Recently, Nashville Public School’s Board rejected a proposal to open a new charter school in a middle class neighborhood. One of the board members who voted against the proposal said it would have brought “us dangerously close to ‘separate but unequal.”
Separate and unequal seems to be the rite of passage as more and more American students grow up in charter schools. Charter schools are an increasingly large part of urban education with more than half of the nations charter schools housed in urban areas.
Studies over the past twenty years have demonstrated that integrated education leads not only to achievement gains in math and reading for African-American and Latino children, but also better career opportunities, less involvement with the criminal justice system, and a greater tendency for graduates to live in integrated neighborhoods, have friends from many races and ethnic groups, and to be employed in diverse workplaces later in life. School integration is crucial to a participatory democracy that transcends race.
A recent report shows that the proliferation of charter schools has led to classrooms being more segregated today than they were 30 years ago. In a cruel reversal, suburban schools have become more diverse for white students at the same time that urban schools are becoming more segregated for minority students.
We can look at Chicago as an example. Chicago public radio station WBEZ recently tallied the numbers for the nations third largest city. The number of Chicago public schools that are 90 percent or more black has increased in the last 20 years, from 276 to 287. That’s despite a 57,000-student drop in black enrollment in the district. Thirty-nine percent of all CPS Hispanic students go to extremely racially isolated schools. This is up from 20 years ago, when 17 percent of Hispanics went to such schools.

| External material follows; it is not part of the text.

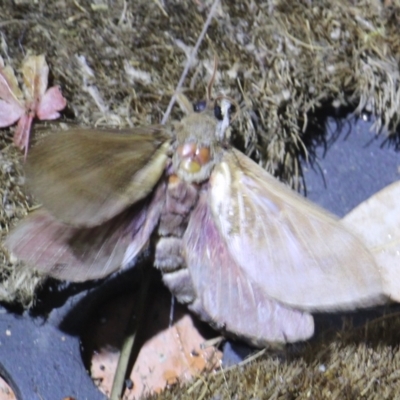 Abantiades hyalinatus (Mustard Ghost Moth) at Currowan, NSW - 4 May 2024 by UserCqoIFqhZ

Phyllis Lockett, president and CEO of New Schools for Chicago, which encourages and funds charter school creation, says the number of highly segregated black and Latino schools is growing because a single school 20 years ago may have held many more students. Because charter schools are smaller, the same number of students could be spread out in 2 or more schools.

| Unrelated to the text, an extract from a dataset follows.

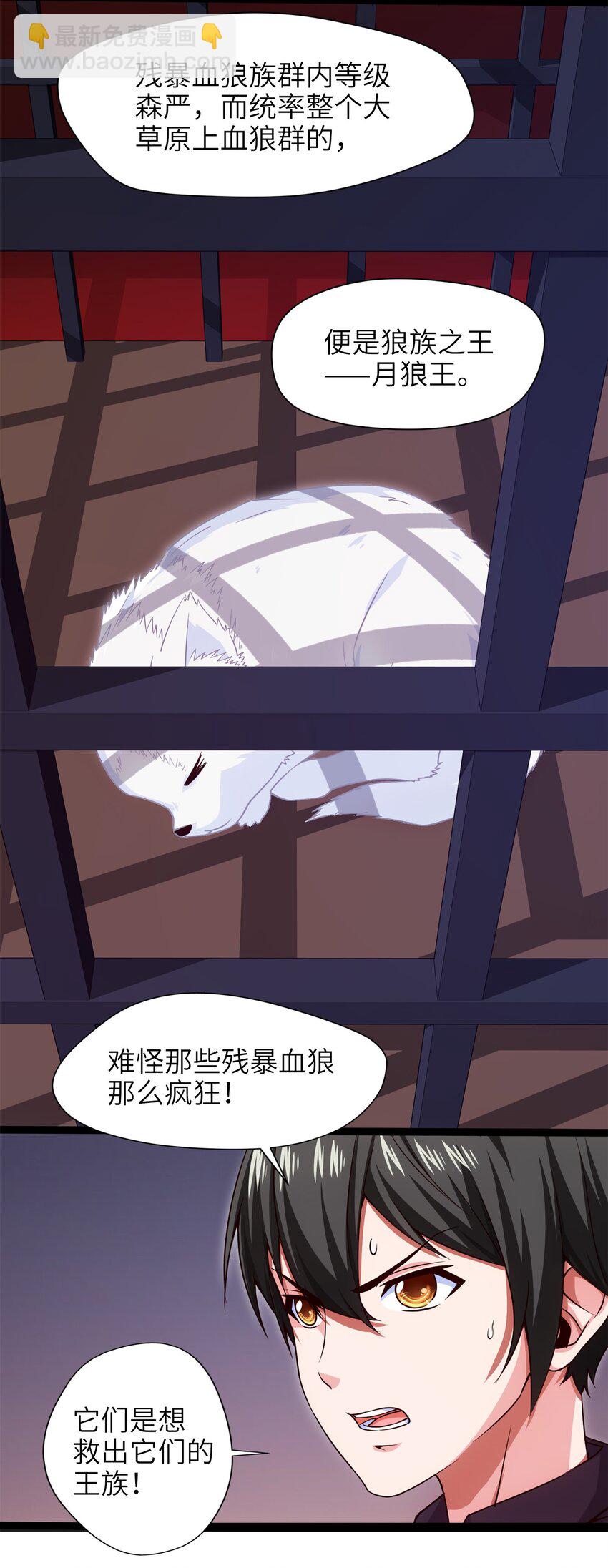 036 月狼王幼崽21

But if those students were spread out more evenly, let’s call it integration; these numbers would look very different. The number of integrated Chicago schools has dropped from 106 schools in 1990 to 66 schools today. School choice in American cities hasn’t depended on an address in a long time. There is no excuse for an increase in school segregation and isolation.

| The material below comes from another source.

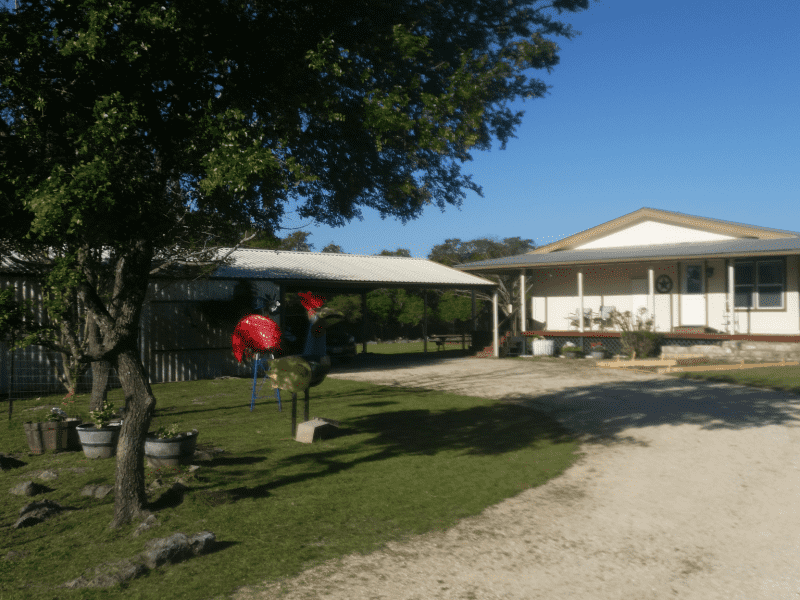 Housesitting assignment in New Braunfels, Texas, United States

Magnet schools used to be the shiny solution for failing schools; now the hot new thing is charter schools. With both options the American public gets a downward slide towards segregated urban schools that has gone on for 30 years and counting.
Brown v. the Board of Education electrified the nation against state sponsored education almost 60 years ago. Now, the number of black and brown residents of American cities is rapidly reaching the 50% mark. We have almost gone full circle with school segregation and it’s costing the next generation their hopes and dreams.